Dolt Archives Status Update

7 min read

The Dolt database is the first SQL Database with Git-style branching and merging. One natural consequence of this is the need to store data which grows proportionally to the number of writes over the database's lifetime. For our users to be successful with the Dolt database as they grow, we need to make sure that we use their disk space efficiently.

We have two primary paths to reduce the amount of disk space used by Dolt databases in relation to the amount of history stored:

  1. Store everything as efficiently as possible. Use modern compression and delta encoding to reduce the amount of space used.
  2. Provide the ability to cull history from your primary database and put it into long term storage for later use.

The first path is the one I am currently focused on. The second path is a feature we will be adding in the future, but it does require us to plan for it in our storage format. Today I'll be discussing the progress being made on the first path, and what is necessary to make it the default storage format for Dolt 2.0.

Background

Since Dolt started, it has used the Snappy compression library to compress chunks (what are chunks?). Last year I wrote about the potential of using Dictionary Compression to further reduce the amount of disk space used by Dolt databases. This is because many Dolt chunks are similar, and the zStd compression library enables creating custom dictionaries for small data batches.
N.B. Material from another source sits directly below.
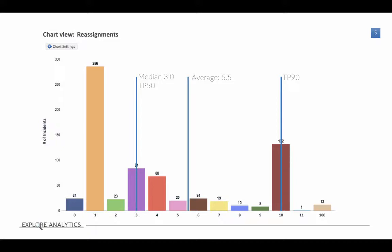So again, this tells us something important. It tells us that even though our median is about three, anything between three and 10 is something that might typically be seen in the data. Everything that's above 10 is truly an outlier.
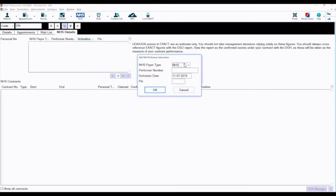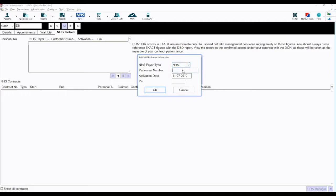You can choose if the provider is NHS or PDS using the dropdown. Enter the provider's performer number, activation date and PIN.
Our initial findings showed we could reduce Dolt database disk space usage by about 50% with this approach. A new storage format was announced last year, and honestly we don't think anyone has been using it. Turns out that while it sounds like storing all of your history is expensive, storage is cheap. We do think it's a better format though, for reason that go beyond the the space saved, so the last few months I've been working on all the pieces needed to make it the default storage format.

We have quietly added features such as the ability to push databases with the Archive format to DoltHub, and the ability to pull incremental changes from a remote server when Archives are in the mix. The path to making this the default storage format is straightforward from here. We just wanted to do some testing of our dictionary creation strategies before pulling the trigger.

Dictionary Creation

zStd compression is greatly improved with the use of dictionaries. Dictionaries are created using a representative sample of the data you want to compress, and it works well when you have many small (under a megabyte) data blocks to compress. Dolt's Chunks are typically 4K in size, so they are a great fit for this approach.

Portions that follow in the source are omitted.